Three months after having her, I completed most of my National Board exams before graduating.

I then finished my Master’s Program by December and the remaining National Board exam, but now have been stopped short of my goal to get licensed in my own state because of the need to sit for a 5 hour exam when I cannot due to pain and further causing injury to my spine. I put so much effort into my program and made much progress with my own health (so it seemed) only to be stopped short for a time. I can eventually take my state’s board exam, maybe, if I get well enough to. Sure I could move to a different state but we have other roots here as a family, and so I feel attached. Better to stick with the career roots my husband has built. Also, it’s home to my alma mater and I’d prefer to stay close by hoping for more opportunities that way. But not if I’m not well!!

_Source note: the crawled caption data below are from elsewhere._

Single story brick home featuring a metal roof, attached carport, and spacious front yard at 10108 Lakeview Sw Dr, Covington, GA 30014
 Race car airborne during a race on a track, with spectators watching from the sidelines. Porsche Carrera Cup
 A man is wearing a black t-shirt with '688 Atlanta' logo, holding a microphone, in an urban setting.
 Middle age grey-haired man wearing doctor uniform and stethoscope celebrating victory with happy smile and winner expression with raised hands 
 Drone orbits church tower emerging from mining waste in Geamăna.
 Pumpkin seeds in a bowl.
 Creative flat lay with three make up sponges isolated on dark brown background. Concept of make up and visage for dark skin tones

I can barely take care of my family, and it being “just us” and literally no one else living in the same state, there’s no one to really turn to for a helping hand. We need to hire help.

Plus, my health has been the worst money pit.

Friends, I’m still in the thick of it, having some better days mixed with suffering days. However what seems to be emerging is this sense of connectedness with my closest friends, who still happen to live far. I don’t feel as lonely as I did a month or two ago, at least, not today.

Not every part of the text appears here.